4 thoughts on “TOP 10 WEIRD MOVIES OF 2011”

  1. I could try to poke holes in this, except I really try to avoid new releases as much as possible. That and the fact that it looks like a very solid list.

  2. Hi, I’d just like to let you know that an official DVD of Svankmajer’s “Surviving Life” is already available… I found it at his gallery in Prague. Probably it’s not being widely distributed (don’t ask me why), but I’ve already seen it and it’s different than his previous work, but still brilliant.

  3. Alvaro: I’m guessing any Surviving Life DVD out there right now is a Region 2 PAL standard disc—unplayable on U.S. players.
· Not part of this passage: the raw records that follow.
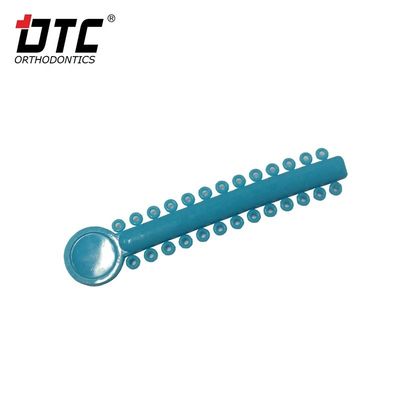 Classe II Classificação de instrumentos Anéis de ligação ortodôntica dentária certificados CE DTC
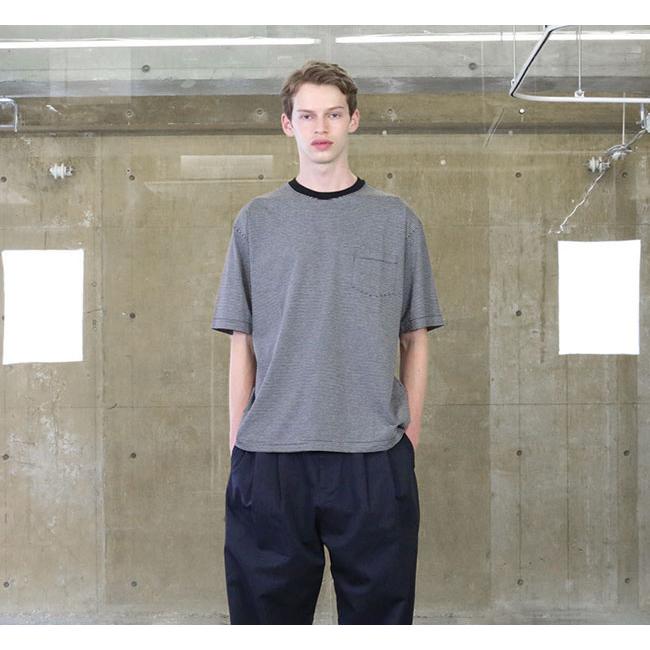 EEL Products イール プロダクツ E-26508B ハイクオリティー　S/S HI QUALITEE S/S | 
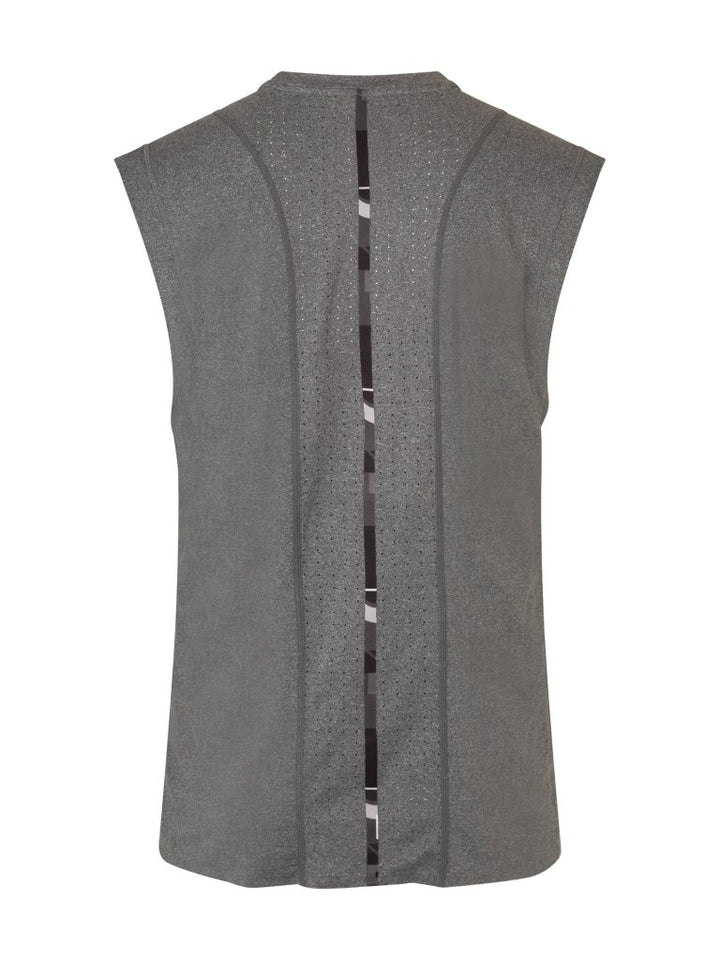 Grå Björn Borg Pete Tanktop S Björn Borg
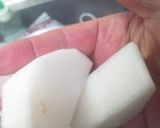 鰤（ぶり）のアラと大根を炊飯器で煮付け作り方2写真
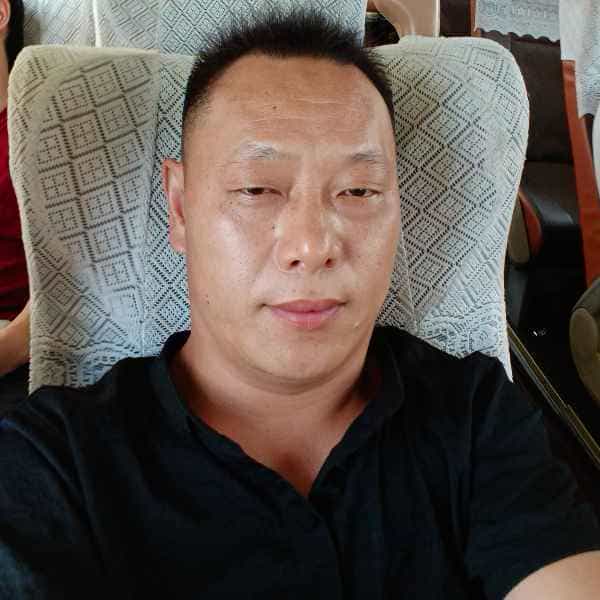 43岁岁安徽单身帅哥 - 青岛吉缘网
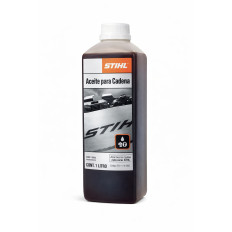 ACEITE DE CADENA STIHL 1LT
I am confident it will eventually show up on these shores, however. We’re used to waiting a couple of years for European specialty movies to arrive here.

    Gustavo: The Oregonian is going to be released digitally on January 17. Here’s a link to pre-order from iTunes, if that’s your thing: http://itunes.apple.com/us/movie/the-oregonian/id485563249. As far as a DVD version I would expect one eventually but I don’t have any solid info. Watch our “Weird Horizon” column on Fridays and we’ll report on it if we hear something.